Article 14 Notification Decision Tree
Article 14When to Apply Article 14 Assessment
At the point of triage (Step 3), and again upon any material change in understanding of the vulnerability, the PSIRT must assess whether Article 14 mandatory notification applies.
Article 14 Triggers (assess ALL of the following):
[ ] Is the vulnerability actively being exploited in the wild? (confirmed or credibly reported) [ ] Does the vulnerability constitute a 'severe security incident' as defined in Article 14? — Severe security incident indicators: significant service disruption, unauthorised access to sensitive data, potential for significant financial harm, or impact on critical infrastructure
If ANY trigger is checked YES:
- Escalate immediately to [HEAD OF PRODUCT SECURITY] and [CISO]
- Complete Early Warning notification to ENISA (or national CSIRT) within 24 hours of awareness — Use the Article 14 Early Warning template [LINK] — Submit via ENISA Single Reporting Platform (SRP): [ENISA SRP URL]
- Complete Full Notification to ENISA within 72 hours of awareness — Use the Article 14 Full Notification template [LINK]
- Submit Final Report to ENISA within 14 days (or extended period agreed with ENISA) — Include root cause analysis and permanent mitigation measures
If NO triggers apply: Continue standard CVD process. Document the Article 14 assessment in the tracking ticket with timestamp (required for CRA audit).
Uncertainty: If you are unsure whether Article 14 applies, treat it as applying and escalate. It is easier to withdraw a precautionary early warning than to explain a missed notification.
A decision tree format is more resistant to misapplication than prose — it forces the assessor to work through each condition. The instruction to default to notifying when uncertain is the correct risk posture given the regulatory consequences of a missed Article 14 notification.
Advisory Drafting
Annex I, Article 13Step 7 — Advisory Preparation (Owner: [PSIRT])
For all Medium severity and above vulnerabilities, prepare a security advisory prior to patch release.
Advisory Contents:
| Field | Requirement | |-------|-------------| | CVE ID | Required (request from [CNA / MITRE] at triage stage) | | CVSS score | Required (4.0 base score; 3.1 optional) | | CWE category | Required | | Affected products | Required (product name, model, firmware/software version range) | | Fixed version | Required | | Vulnerability description | Required (do not include reproduction steps or PoC) | | Workaround | Required if patch is not yet available | | Reporter credit | Required if reporter consented | | CSAF advisory | Strongly recommended |
CSAF Publication:
Publish the advisory in CSAF 2.0 format at [CSAF FEED URL]. Update the CSAF provider-metadata.json file to include the new advisory. Notify [CSAF AGGREGATORS / BSIFEED] upon publication if applicable.
Advisory Review:
All advisories must be reviewed by:
- [PSIRT LEAD] for technical accuracy
- [LEGAL / COMMUNICATIONS] for language and liability review
- For Critical advisories: [CISO] sign-off required
Publication Timing: Advisories are published simultaneously with or after the patch release. They must never be published before the patch is available to all customers.

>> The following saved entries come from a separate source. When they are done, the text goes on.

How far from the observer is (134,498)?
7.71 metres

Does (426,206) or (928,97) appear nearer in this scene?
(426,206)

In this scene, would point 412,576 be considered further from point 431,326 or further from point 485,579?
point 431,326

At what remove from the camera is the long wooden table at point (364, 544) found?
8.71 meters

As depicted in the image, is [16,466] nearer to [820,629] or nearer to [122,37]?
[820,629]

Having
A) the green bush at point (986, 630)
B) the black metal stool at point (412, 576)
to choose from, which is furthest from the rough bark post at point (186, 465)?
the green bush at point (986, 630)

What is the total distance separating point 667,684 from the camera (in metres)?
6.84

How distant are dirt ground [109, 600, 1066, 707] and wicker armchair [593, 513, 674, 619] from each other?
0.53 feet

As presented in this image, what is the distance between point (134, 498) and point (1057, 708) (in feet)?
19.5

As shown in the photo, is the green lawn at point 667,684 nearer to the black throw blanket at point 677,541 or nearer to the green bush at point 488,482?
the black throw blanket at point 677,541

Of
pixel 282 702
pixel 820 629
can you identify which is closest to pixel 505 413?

Requiring CVE and CWE at this stage — even for Medium severity — builds a complete vulnerability record that supports long-term audit trails and feeds downstream security tooling. The prohibition on pre-patch advisory publication protects customers from being targeted by threat actors using your advisory as an attack roadmap.
Closure & Post-Mortem
Annex I Part IIStep 8 — Closure (Owner: [PSIRT])
Close a vulnerability ticket only when ALL of the following are complete:
[ ] Patch released to all affected customers [ ] Advisory published [ ] CVE published in NVD (or submission confirmed) [ ] Reporter notified of closure and invited to verify fix [ ] Any Article 14 notifications completed (if applicable) [ ] Ticket updated with all final details and closure date
Reporter Final Communication:
Send reporter a closure communication including: advisory URL, CVE ID, and credit text (if applicable). Invite the reporter to confirm the fix resolves the issue within [14] days.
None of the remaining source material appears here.